Generating acceptable randomness on POA with Solidity


#1

The goal: generate random numbers on player input, similar to a dice roll.

From cursory exploration of Google, ETH Stackexchange, Medium, here’s my impression of the topic:

  • randomness is really hard. Especially with blockchains, due to their deterministic nature.
  • solutions relying on timestamps, blockhashes, block difficulty are vulnerable to local simulations to get the desired output.
  • if there is monetary value tied to the transaction, miner collusion can happen beyond a certain threshold.

I’m thinking of using future blockhashes rather than instant. The player initiates the “dice roll” with his selected odds through one transaction. Then, after at least 1 block, he sends another transaction that will settle the dice roll, using the previously provided values and the “future” block hash (now mined).

I assume there’s no way to guess a future blockhash in advance. Is this assumption correct?

Likewise, because on POA we have validators who stake their identity and alternate mining blocks at regular intervals, collusion would be an easy-to-spot social suicide.

Let’s assume the above is correct. My current implementation for a random number is as follows:

uint(keccak256(abi.encodePacked(blockhash(resolveBlock[msg.sender]), resolveBlock[msg.sender]))) % 100;

where “resolveBlock[msg.sender]” is the next block number from the previous transaction.

It seems to generate a random number from 0 to 99, and I’m not seeing any problem with it. But, I’m green behind the ears in computer science, and I would love to know if anyone spots a problem with the idea. :slight_smile:


#2

I assume there’s no way to guess a future blockhash in advance.

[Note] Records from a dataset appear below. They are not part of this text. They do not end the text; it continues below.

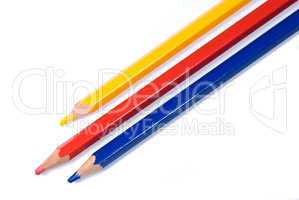 Three coloured pencils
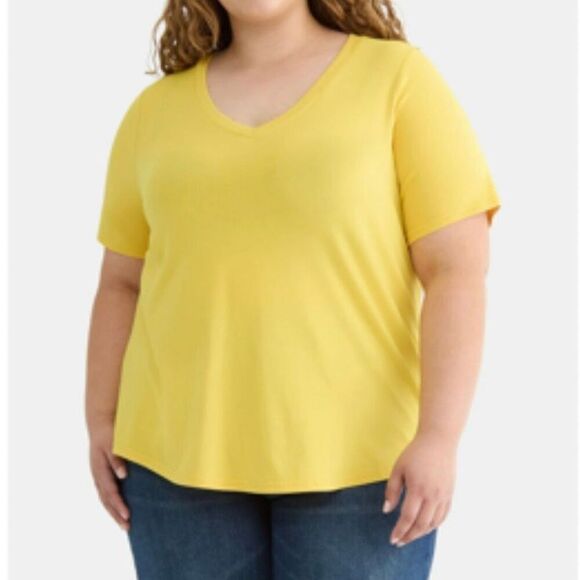 Womens Plus Size Yellow V Neck With Short Sleeves Spring Summer Top New - Picture 1 of 10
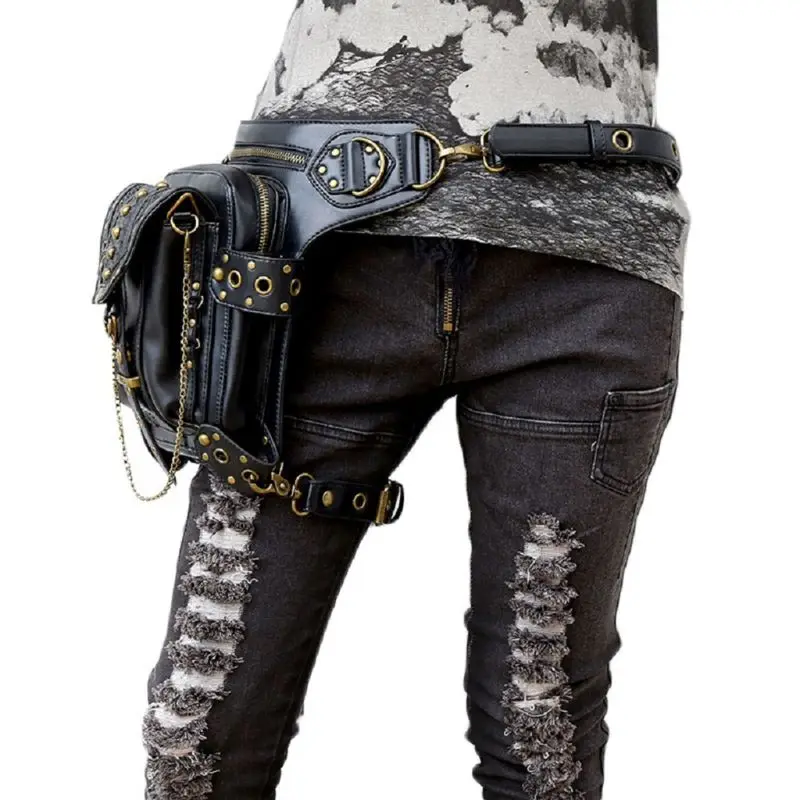 

Men Women Steampunk Phone Pouch Multi-Purpose Tactical Drop Leg Arm Bag Pack Hip Belt Waist Messenger Shoulder Bag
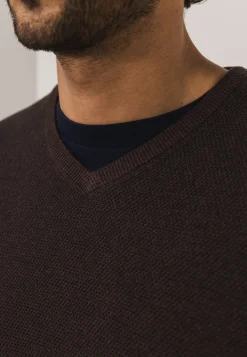 Outlet V-hals trui van biologisch katoen Truien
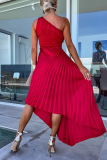 Formal Oblique Collar Sleeveless Irregular Hem Cinch Waist Party Evening Pleated Fishtail Midi Dresses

Is this assumption correct?

Yes, it’s very hard to calc a hash of the future block because nobody knows in advance which transactions and data will be there: https://ethereum.stackexchange.com/questions/2100/what-is-a-block-hash

Likewise, because on POA we have validators who stake their identity and alternate mining blocks at regular intervals, collusion would be an easy-to-spot social suicide.

If we’re not talking about big money profit which could be got as a result of such collusion, then your solution based on blockhash can be used, I guess.

Maybe it’s better to save two or three future block numbers and then get their hashes when they mined, to increase entropy (instead of one block you’re saving in resolveBlock).

There also RANDAO can be used to get random seed, but RANDAO requires the participation of some addresses which should be interested in committing/revealing their secret numbers.


#3

If we’re not talking about big money profit which could be got as a result of such collusion, then your solution based on blockhash can be used, I guess.

Maybe it’s better to save two or three future block numbers and then get their hashes when they mined, to increase entropy (instead of one block you’re saving in resolveBlock ).

It would likely be trivial amounts if at all. Saving 2 blocks rather than one sounds like a great solution, too. I think it wouldn’t be a problem to make the user wait for >10s rather than >5s for these specific actions, given that there’s at least a 5s wait.

Thank you! :slight_smile:


#4

@SnailKing Please keep in mind that in solidity you can only access 256 range blocks which means if you made a commit for block 1, then a player can spam the network for next 256 blocks in order to get blockhash 0. So you have to account that in smart contract:

 if (block.number - gameBlock < 256) {
   //cancel game or something
} 

We have done an audit for randomness in
https://dragonereum.io/ game where we found a number of vulnerable issues with RNG.
https://github.com/peppersec/public-audit-reports/blob/b78dfc9feee1f85f5e69a564eab7f8801f80bc39/reports_pdf/Dragonereum-audit-report.pdf

Please let us know if you would be interested in auditing your game @ hello@peppersec.com


#5

Thanks @rstorm! I was aware of that peculiarity, but really should have specified it for any lurker out there. Good stuff!

It’s very early for my own game, but your Dragonereum audit was a nice read. Some familiar mistakes… Some interesting suggestions for fixes. :slight_smile:


#6

I’m glad to help. Let me know if there is anything I can do for you.